• _Input for this task_:
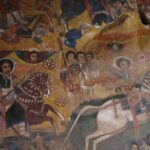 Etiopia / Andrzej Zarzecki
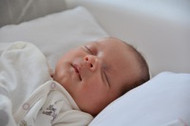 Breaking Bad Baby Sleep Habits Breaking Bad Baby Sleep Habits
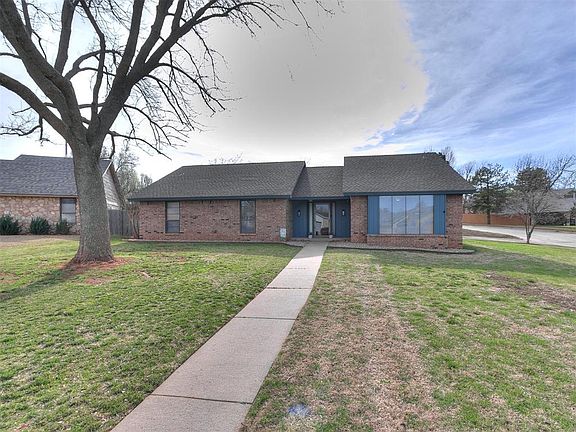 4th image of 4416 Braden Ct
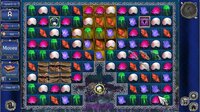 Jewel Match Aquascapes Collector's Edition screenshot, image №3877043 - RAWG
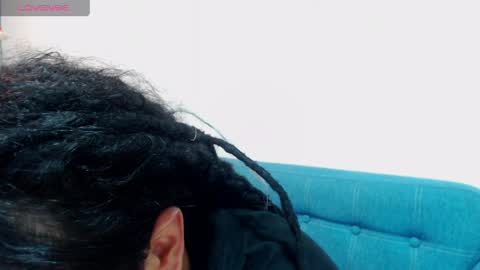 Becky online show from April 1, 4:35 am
---
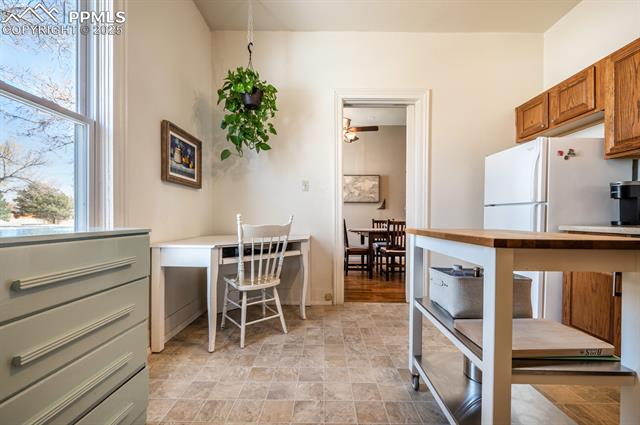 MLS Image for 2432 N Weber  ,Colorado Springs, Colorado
* * *
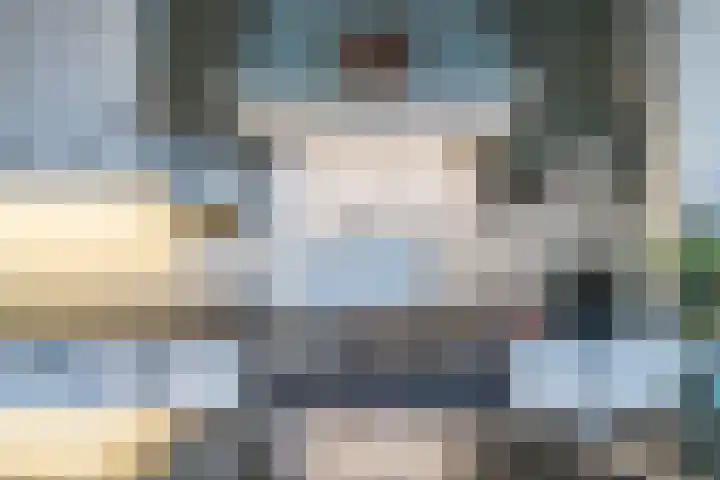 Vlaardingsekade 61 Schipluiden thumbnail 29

• _Your objective_: In the listing above, find the line containing "Etiopia / Andrzej Zarzecki" and the line containing "Becky online show from April 1, 4:35 am", then print exactly those two lines and every line between them, minus the pictures.

• _Exercise solution_:
 Etiopia / Andrzej Zarzecki
 Breaking Bad Baby Sleep Habits Breaking Bad Baby Sleep Habits
 4th image of 4416 Braden Ct
 Jewel Match Aquascapes Collector's Edition screenshot, image №3877043 - RAWG
 Becky online show from April 1, 4:35 am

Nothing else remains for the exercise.